-- Opening Marker --
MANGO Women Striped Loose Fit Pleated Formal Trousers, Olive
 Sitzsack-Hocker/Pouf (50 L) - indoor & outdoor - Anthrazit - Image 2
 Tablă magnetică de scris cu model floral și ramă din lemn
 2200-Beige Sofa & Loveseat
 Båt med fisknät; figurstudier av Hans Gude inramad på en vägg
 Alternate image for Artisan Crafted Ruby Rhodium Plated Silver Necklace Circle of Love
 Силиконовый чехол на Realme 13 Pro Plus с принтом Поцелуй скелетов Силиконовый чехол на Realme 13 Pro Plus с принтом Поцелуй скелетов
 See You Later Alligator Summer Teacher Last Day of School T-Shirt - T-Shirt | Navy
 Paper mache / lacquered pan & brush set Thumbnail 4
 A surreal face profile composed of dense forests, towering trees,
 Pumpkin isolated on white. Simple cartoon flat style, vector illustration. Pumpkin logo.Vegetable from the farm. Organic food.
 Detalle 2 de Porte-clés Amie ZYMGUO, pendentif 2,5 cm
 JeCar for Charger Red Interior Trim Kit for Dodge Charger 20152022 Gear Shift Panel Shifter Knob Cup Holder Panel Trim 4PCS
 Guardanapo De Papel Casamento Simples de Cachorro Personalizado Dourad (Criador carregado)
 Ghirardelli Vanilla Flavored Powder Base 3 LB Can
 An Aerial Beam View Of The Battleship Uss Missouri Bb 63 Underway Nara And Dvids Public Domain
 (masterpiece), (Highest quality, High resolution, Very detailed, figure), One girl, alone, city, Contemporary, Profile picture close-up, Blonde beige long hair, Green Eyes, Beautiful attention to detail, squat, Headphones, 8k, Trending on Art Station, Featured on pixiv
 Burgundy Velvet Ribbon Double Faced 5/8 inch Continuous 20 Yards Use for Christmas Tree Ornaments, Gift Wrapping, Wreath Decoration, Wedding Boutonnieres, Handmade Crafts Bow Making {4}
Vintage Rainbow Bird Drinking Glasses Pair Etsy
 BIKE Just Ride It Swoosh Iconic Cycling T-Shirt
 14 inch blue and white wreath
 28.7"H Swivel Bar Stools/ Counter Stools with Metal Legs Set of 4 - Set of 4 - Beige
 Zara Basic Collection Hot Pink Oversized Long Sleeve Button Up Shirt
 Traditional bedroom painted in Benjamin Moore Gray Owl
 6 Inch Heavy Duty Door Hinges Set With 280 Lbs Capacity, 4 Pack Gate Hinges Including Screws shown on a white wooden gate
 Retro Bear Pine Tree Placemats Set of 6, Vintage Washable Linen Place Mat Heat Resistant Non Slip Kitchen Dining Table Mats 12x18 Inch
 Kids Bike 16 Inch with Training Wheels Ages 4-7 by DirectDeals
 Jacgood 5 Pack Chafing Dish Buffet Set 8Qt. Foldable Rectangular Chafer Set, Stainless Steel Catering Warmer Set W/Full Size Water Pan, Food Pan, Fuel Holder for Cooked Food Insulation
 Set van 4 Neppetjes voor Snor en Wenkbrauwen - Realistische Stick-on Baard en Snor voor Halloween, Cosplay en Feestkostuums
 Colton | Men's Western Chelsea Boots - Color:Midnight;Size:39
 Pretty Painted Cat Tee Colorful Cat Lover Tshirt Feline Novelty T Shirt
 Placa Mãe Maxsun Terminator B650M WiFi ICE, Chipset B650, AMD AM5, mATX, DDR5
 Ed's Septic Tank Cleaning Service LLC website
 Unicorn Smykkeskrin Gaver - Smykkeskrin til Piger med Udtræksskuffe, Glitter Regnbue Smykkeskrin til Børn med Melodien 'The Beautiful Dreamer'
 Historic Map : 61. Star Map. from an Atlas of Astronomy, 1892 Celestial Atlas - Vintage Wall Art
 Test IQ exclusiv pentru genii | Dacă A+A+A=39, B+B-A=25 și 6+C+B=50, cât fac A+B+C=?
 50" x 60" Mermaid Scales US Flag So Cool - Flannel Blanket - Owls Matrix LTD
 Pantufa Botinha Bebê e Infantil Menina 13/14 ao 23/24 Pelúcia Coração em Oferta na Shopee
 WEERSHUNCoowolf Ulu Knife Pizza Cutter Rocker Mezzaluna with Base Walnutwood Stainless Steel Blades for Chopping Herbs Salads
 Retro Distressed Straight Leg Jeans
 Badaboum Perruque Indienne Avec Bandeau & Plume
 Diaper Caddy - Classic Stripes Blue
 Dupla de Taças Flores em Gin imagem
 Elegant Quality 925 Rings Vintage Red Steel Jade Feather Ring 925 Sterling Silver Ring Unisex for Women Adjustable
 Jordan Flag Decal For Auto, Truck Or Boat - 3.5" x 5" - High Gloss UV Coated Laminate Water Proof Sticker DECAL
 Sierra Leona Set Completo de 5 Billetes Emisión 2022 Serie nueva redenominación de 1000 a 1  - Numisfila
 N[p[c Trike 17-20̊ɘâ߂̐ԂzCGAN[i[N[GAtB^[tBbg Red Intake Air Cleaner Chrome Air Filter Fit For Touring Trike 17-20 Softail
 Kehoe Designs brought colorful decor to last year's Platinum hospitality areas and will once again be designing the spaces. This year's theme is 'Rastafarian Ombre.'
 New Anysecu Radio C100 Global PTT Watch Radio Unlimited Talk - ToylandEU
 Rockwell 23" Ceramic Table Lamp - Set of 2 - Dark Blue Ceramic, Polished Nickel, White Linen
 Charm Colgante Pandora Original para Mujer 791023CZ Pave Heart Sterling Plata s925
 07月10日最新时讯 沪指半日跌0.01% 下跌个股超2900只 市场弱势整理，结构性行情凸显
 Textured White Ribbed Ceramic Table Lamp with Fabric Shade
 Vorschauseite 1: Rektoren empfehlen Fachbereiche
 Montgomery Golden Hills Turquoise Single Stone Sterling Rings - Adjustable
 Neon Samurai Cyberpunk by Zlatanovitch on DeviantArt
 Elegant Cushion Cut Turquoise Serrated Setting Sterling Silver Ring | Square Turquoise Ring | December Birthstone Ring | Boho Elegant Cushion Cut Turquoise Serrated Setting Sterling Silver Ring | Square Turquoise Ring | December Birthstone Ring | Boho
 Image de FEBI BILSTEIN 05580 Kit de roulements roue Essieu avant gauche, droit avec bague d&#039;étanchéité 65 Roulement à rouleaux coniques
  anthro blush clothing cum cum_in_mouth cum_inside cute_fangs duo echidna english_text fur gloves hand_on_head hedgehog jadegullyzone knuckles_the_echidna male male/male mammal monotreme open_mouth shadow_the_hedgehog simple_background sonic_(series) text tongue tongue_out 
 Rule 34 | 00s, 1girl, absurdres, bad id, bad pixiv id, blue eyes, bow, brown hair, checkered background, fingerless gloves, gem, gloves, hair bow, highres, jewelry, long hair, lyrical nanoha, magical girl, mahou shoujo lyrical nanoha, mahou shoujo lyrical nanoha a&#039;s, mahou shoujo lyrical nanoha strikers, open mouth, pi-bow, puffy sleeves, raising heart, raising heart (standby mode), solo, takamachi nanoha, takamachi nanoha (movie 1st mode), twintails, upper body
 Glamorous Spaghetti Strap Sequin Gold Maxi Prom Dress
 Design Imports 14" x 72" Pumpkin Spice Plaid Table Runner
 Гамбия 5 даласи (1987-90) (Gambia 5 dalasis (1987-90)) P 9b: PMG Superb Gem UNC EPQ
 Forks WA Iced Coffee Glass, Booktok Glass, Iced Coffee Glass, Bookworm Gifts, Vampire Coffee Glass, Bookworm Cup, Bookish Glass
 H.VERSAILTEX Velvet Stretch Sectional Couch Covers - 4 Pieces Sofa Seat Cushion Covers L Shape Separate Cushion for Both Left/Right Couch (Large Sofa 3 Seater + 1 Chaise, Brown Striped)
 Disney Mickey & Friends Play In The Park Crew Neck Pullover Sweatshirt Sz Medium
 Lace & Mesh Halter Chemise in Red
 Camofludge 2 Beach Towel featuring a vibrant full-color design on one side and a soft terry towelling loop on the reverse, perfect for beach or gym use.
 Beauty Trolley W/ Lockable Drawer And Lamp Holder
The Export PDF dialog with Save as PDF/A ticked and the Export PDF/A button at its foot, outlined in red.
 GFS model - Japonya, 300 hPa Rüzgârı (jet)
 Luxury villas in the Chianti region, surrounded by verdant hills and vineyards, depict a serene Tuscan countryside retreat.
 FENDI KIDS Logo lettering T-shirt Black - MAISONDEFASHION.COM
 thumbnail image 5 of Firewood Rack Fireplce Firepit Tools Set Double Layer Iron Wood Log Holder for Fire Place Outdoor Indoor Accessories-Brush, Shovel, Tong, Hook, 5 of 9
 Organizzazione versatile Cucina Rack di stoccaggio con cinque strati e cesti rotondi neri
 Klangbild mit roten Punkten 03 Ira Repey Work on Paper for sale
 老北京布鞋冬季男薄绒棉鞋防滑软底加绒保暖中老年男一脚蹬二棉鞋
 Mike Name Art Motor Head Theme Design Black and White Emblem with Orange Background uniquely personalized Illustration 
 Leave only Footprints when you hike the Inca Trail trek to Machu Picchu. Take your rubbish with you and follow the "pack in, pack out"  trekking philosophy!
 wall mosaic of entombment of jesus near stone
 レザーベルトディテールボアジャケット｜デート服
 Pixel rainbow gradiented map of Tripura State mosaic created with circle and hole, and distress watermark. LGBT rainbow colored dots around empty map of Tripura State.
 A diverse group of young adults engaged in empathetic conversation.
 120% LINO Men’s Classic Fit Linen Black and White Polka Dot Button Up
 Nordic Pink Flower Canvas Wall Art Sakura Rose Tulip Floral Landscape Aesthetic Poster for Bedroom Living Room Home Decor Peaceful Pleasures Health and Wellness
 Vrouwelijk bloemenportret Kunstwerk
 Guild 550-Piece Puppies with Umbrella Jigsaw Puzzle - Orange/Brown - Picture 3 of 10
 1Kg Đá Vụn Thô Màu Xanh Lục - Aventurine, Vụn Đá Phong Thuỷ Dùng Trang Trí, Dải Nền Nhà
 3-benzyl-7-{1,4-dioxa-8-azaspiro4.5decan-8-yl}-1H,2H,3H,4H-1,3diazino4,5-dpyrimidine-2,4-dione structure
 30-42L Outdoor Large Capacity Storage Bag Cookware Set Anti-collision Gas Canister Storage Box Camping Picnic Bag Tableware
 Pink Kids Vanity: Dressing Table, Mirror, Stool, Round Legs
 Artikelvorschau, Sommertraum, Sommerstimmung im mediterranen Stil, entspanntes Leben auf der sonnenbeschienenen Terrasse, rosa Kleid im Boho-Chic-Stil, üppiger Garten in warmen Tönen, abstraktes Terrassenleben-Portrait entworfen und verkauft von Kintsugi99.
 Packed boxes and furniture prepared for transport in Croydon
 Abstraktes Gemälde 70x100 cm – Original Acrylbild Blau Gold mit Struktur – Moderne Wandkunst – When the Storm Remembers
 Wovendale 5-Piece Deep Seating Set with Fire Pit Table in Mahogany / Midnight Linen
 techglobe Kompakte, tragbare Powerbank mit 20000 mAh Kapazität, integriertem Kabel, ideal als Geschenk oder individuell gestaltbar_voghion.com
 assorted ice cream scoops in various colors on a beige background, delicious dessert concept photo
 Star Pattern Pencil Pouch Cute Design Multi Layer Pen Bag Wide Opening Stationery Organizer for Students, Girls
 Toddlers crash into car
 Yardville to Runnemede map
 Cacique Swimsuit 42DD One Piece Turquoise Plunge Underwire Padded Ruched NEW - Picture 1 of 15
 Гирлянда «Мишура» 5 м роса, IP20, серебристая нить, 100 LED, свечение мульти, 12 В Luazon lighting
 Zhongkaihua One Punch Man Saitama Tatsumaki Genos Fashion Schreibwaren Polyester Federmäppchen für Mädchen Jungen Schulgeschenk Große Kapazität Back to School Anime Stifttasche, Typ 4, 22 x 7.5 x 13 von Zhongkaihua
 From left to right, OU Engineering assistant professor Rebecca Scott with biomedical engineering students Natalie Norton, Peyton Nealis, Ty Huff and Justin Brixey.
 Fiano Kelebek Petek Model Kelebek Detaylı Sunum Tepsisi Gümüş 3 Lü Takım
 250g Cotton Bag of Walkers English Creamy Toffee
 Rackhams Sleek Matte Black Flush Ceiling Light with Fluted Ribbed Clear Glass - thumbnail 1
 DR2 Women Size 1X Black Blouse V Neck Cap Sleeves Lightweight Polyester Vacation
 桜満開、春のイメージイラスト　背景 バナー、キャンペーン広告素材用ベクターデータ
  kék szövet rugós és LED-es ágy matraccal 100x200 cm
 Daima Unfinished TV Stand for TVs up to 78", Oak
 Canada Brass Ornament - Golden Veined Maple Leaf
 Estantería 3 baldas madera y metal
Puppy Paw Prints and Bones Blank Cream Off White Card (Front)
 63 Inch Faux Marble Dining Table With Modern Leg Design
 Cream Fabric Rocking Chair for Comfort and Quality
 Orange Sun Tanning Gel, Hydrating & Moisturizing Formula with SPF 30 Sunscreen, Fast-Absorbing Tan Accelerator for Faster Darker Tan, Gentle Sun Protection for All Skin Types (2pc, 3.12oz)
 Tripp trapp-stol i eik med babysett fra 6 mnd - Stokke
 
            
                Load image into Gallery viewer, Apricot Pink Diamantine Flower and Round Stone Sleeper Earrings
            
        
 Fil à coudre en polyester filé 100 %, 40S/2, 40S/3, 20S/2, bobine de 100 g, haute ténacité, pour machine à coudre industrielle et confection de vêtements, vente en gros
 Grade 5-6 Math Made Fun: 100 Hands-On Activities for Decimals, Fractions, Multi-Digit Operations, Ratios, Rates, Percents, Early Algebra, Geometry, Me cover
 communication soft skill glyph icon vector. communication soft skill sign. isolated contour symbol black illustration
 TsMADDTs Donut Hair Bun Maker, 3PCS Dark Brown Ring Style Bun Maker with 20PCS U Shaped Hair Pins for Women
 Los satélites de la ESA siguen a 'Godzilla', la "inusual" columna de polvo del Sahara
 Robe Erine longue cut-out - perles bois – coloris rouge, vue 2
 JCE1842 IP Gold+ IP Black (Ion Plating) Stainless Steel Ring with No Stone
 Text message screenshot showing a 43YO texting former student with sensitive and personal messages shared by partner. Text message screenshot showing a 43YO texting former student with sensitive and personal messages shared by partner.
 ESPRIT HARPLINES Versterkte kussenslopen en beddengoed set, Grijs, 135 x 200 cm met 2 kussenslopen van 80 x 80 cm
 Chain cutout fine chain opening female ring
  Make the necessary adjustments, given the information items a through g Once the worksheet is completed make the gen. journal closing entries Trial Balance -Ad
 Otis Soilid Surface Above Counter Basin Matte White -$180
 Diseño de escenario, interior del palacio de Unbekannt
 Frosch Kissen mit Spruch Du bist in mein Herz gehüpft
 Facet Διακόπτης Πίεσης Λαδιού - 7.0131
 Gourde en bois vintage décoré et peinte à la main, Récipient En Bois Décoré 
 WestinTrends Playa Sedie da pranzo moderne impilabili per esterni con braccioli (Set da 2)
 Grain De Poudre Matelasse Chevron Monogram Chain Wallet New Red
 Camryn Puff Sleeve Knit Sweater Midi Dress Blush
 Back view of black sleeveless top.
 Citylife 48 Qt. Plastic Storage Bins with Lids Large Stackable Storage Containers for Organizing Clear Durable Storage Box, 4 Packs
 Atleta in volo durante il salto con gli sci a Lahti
-- Closing Marker --
Problem:
Every line holding the word "Flag" should be copied out of the material.

Answer to this task:
 50" x 60" Mermaid Scales US Flag So Cool - Flannel Blanket - Owls Matrix LTD
 Jordan Flag Decal For Auto, Truck Or Boat - 3.5" x 5" - High Gloss UV Coated Laminate Water Proof Sticker DECAL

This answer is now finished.